Hey there! I’m Hazel and I’m proud to announce that I’ll be working with the Haskell Summer of Code project; specifically, on the project “Bringing Sanity to the GHC Performance Test-suite.” It was a bit of a roller-coaster getting to this point but I’m quite excited to get cracking.

For those who want the nitty-gritty details on the project and wish to read my exact proposal, I’ve put it on my GitHub and you can view it here. For those who want a less technical introduction, here’s a bit of introduction about the project itself, the languages I’ll be working in, and what I aim to do:

Quick Intro

First off, GHC is the compiler of the programming language Haskell. It’s pretty neat and does lots of cool stuff; unfortunately, one of the things it isn’t super great at right now is running performance tests. The performance tests do two things: first, they make sure that when people change the compiler, they don’t accidentally make it slower; secondly, they make sure that when people change the compiler, they don’t accidentally make the generated code less efficient. Right now, the performance test situation requires manually generating “target numbers,” which are the same for every machine and operating system–this renders them mostly useless unless you submit your patch to the build server that has a standardized testing area.

Pain… Everywhere…

This is a giant pain in the neck when you’re just trying to hack on the compiler yourself and get something implemented. Worse yet, because Windows, MacOS, and Linux typically all have slightly different characteristics, the performance number has to have a wide enough error tolerance to account for the operating system differences; this means that you can introduce, say, a 10% performance regression and have the tests pass because that error margin was needed to account for OS differences. Over time, those hidden regressions can pile up if they’re not diligently caught. So now, in order to really contribute meaningful code to the compiler, a contributor has to:

Constantly push code to the build server or get an intuitive feel for how much to “mentally correct” the performance numbers when running tests on their personal computer.
Either test constantly on all the operating systems themselves or push to the build server and suffer a massive slowdown in a feedback-loop.
Do tons of repeat testing to figure out whether or not the performance numbers are actually improved, constant, regressed, etc., taking into account the OS differences and the very wide tolerances on numbers set in place to account for those OS differences. A pass/failure indication of a test becomes almost meaningless; only experience tells you how to proceed.
Any new test or new feature that requires a test must be manually given performance numbers. The test must be run a ton of times to figure out how much error tolerance to give the number to make the test “accurate” on all of the operating systems GHC supports.
And so on…

That’s an impressive amount of busy-work and nonsense that a programmer has to keep up with just to not make the compiler suck. We’re not even getting to actually improving the compiler! Clearly, this is a situation that needs to change.

Future Bliss

The goal, at the end of this, is to have a much improved situation all around.

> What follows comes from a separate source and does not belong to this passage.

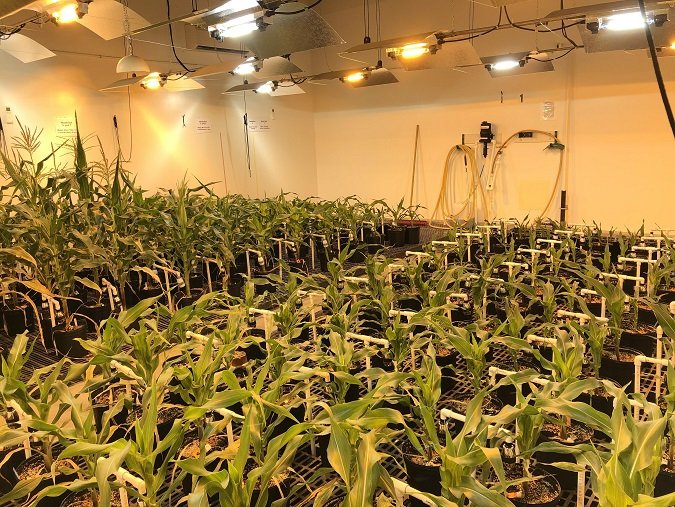 IngredientWerks creates proprietary corn to reduce alternative protein ingredients cost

Get rid of performance metric numbers entirely from the Test-suite. Instead, they’ll be added into something called a “git note” and will be able to be added/changed per operating system and over time. The goal is to always trust a passing performance test.
Automate the entire process of adding performance numbers to tests, managing performance numbers, and provide tools to make things as painless as possible.
Allow for on-the-fly numbers generated for any particular machine. That way, developers hacking around on their own computer have a useful set of tests to run without needing to push to a remote build. The goal is to have as fast, painless, and accurate of a feedback-loop as possible.

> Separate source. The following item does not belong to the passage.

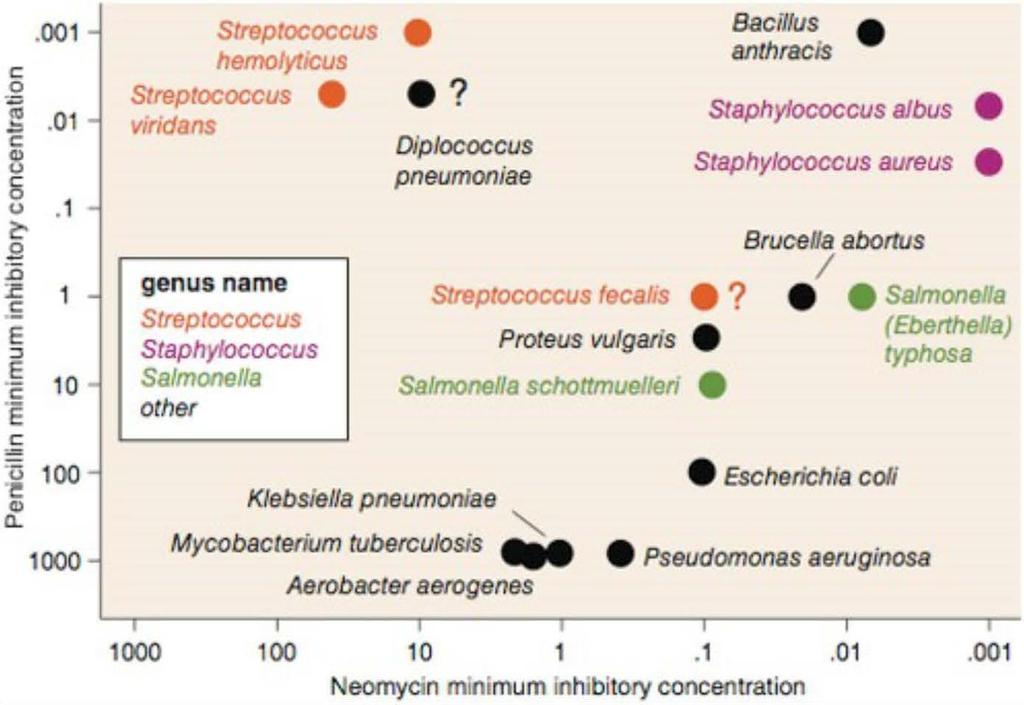 Exploratory Data Analysis How do the bacteria group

How are we gonna achieve all of this? I’m glad you asked! The first goal is going to be to introduce a new test modifier to the testsuite driver (a python program that runs the tests). This will dump collected measurements into a git note. At this point, I won’t be messing with any of the program’s logic itself yet except for potentially starting to refactor the performance metrics out of the test-driver. After that, a few tests will be moved over to use the new test modifier and make sure that everything’s working; things will still be manual, but when everything works, all that remains is to automate the git note population and usage–then the most basic and essential goals of the project will be done.

Insert Hero

The plucky hero (me) and her brave companion will adventure forth to fix this and bring sanity to the GHC performance test-suite! Will they succeed? Will they fail? Find out on this blog! It’ll be covering the ups and downs of the journey towards sanity. (And as a note to the technical users: I will be committing to a git branch in the GHC repo: wip/perf-testsuite. You’ll be able to see progress there, too.)